Он долго старался объяснить ей, что на этот раз речь идет не о временном затруднении, что состояния ее больше не существует, что деньги вышли. Наконец он замолчал. Все еще не понимая, все еще будучи не в состоянии поверить ужасной правде, она смотрела на него большими удивленными глазами.
-- Мне очень не везло последнее время.
-- В чем?
-- В фараон, конечно!
-- Но, Гай! Ведь денег было так много!..
-- Настанет день, когда их снова будет много.
-- Как?
-- Очень просто. Можно попытать счастья на бирже.
-- На бирже? Как это?
-- Ты все равно ничего не понимаешь в этом.
-- Но все-таки, куда же девались все наши деньги?

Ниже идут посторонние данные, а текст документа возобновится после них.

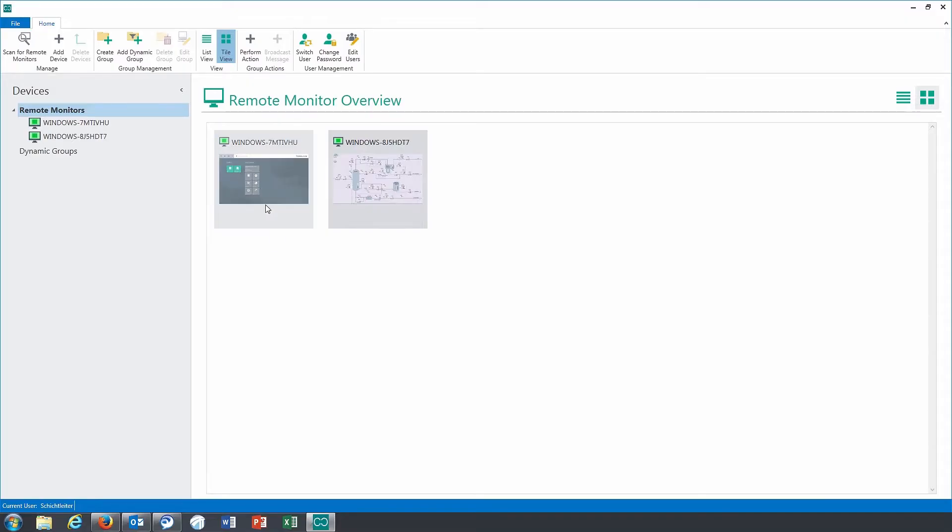Now that I am logged in as a supervisor, I have full access to the remote monitors. In this case, I want to fix the fault on one of the remote monitors. To do so, I will click on the appropriate tile in the tile view.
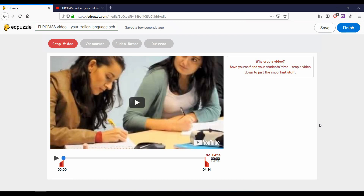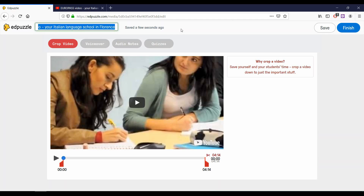The first thing you should do is give a new title to your video. At the top beside the Edpuzzle logo, you can see a text box in which the title of the video appears. Delete the video title and rename the video in a way that will help you remember the content or the exercise that you're creating.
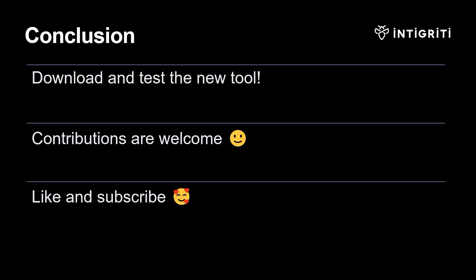Anyway, that is it for this video. It has been a short one, which is unusual for me, but I hope you download and test the new tool. We're encouraging contributions. And if you find any bugs, you can raise an issue on GitHub and Blackbird will be working on maintaining the tool, adding new services, fixing bugs, things like that. And yeah, I hope you enjoyed this video. If you have any questions or comments, leave them down below. Thanks.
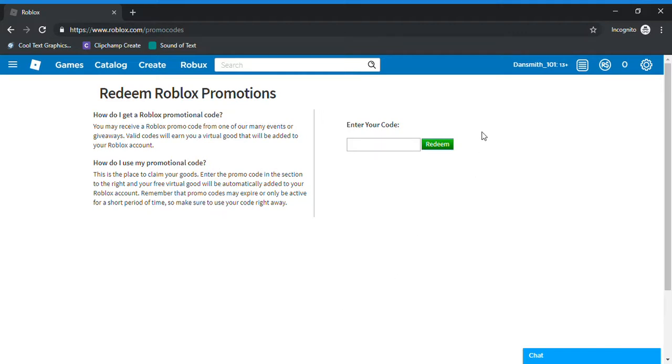Hello YouTube, welcome back to another video. So today I'm going to be teaching you how to get Dustin's cap for day 4 of the Stranger Things event in Roblox.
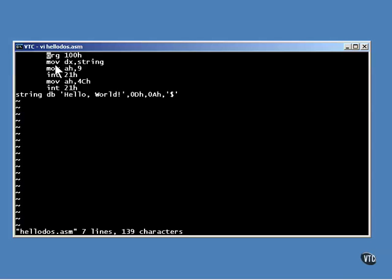This next instruction puts the address of the character string in the DX register. This is DOS, so we only deal with 16-bit addresses. Next, the number 9 is copied into the AH register. AH, that's an 8-bit register.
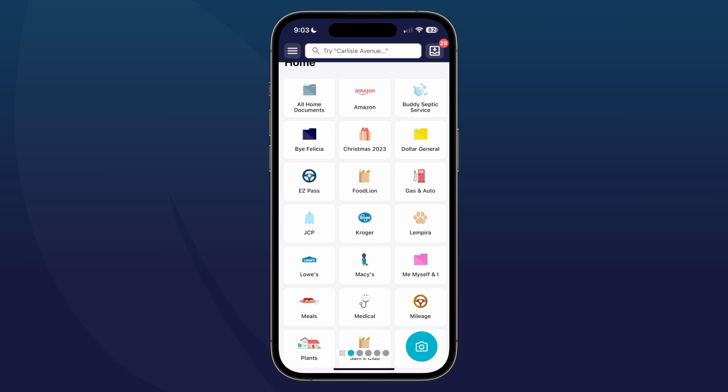Rules will allow you to automatically categorize your receipts based on the parameters that you set, so that each time you have an automatic import or upload it will automatically categorize it to your selected folder without having to go through the manual process, so it'll save you quite a bit of time.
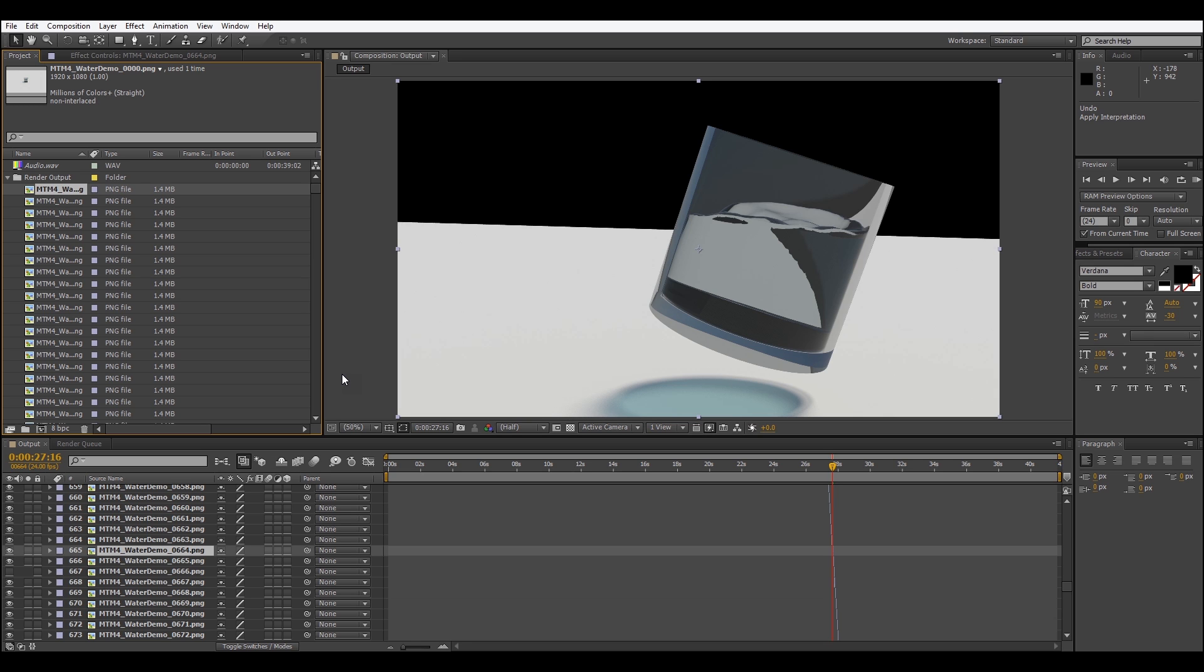However luckily you can easily reverse this simply by removing the alpha channel from your rendered footage and I'm going to show you how to do that today using After Effects.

-- Я повторяю тебе, что последнее время все проигрывал.
-- Где?
-- У Хенкинса.
-- Сколько же ты проиграл?
-- Зачем тебе знать это?
-- Но все-таки?..
-- Несколько тысяч.
-- Пять?
-- Д-д-да. Да, пять.
-- Больше?
-- Около десяти.
Тут она обратила внимание на отсутствие тросточки с набалдашником из слоновой кости. Магнолия сняла с пальца кольцо и протянула ему. С годами она стала делать это автоматически.
Таким образом, перемена, которая неизбежно должна была произойти в их жизни, произошла не постепенно, а сразу. Магнолия чувствовала себя Золушкой, с быстротой молнии перенесенной из королевского дворца в грязную кухню. Им пришлось расстаться с бархатом, зеркалами, коврами, тонким постельным бельем, изысканным столом и великолепной сервировкой отеля Шермена. Они поселились в маленьком пансионе на Онтарио-стрит, где жили преимущественно актеры. По мысли Равенеля, удобство его заключалось в том, что он находится недалеко от...
-- От чего? -- спросила Магнолия.
Но, в сущности, ответ ей не был нужен. Она знала, что в десяти минутах ходьбы от их пансиона находится "Аллея игроков". В продолжение последующих пятнадцати лет Гайлорд Равенель ходил туда каждый вечер.